*YOUR OBJECTIVE*: Find the line with "Chicote Porta Traseira" and the line with "Hotel Bali Paradise Boutique Lovina (Bali)" in the entries below; output exactly those two lines, every line between them, and no others.

*WORKING DATA*:
-------------------------

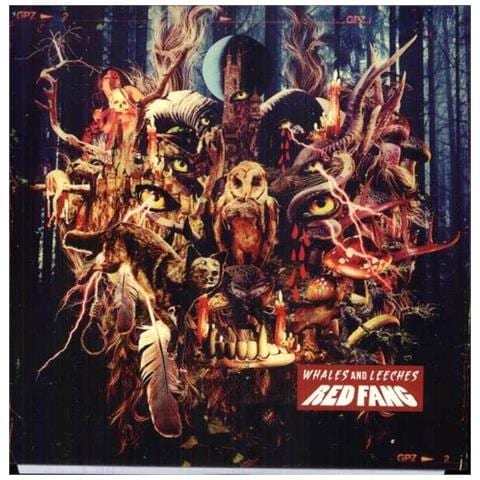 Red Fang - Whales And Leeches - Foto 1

-------------------------

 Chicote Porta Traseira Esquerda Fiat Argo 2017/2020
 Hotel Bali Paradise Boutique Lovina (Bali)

-------------------------

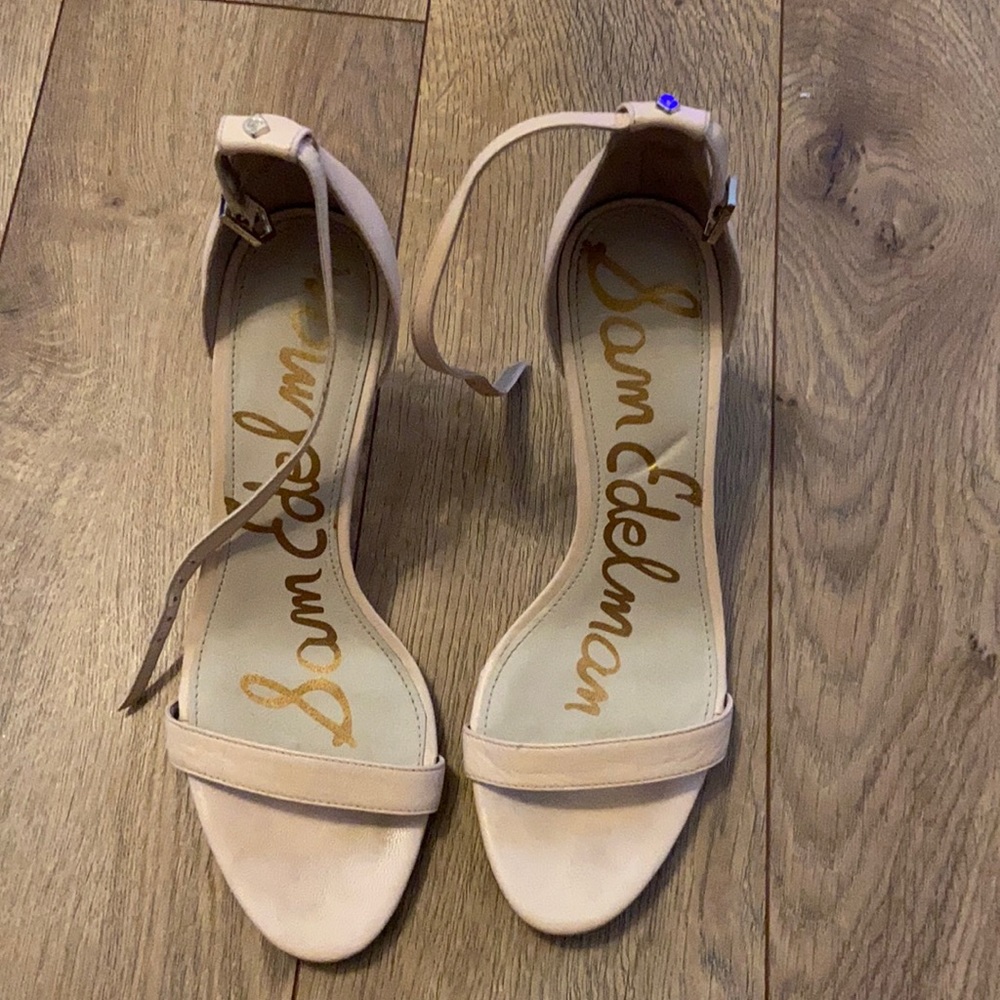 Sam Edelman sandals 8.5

-------------------------

*FINISHED EXERCISE*:
 Chicote Porta Traseira Esquerda Fiat Argo 2017/2020
 Hotel Bali Paradise Boutique Lovina (Bali)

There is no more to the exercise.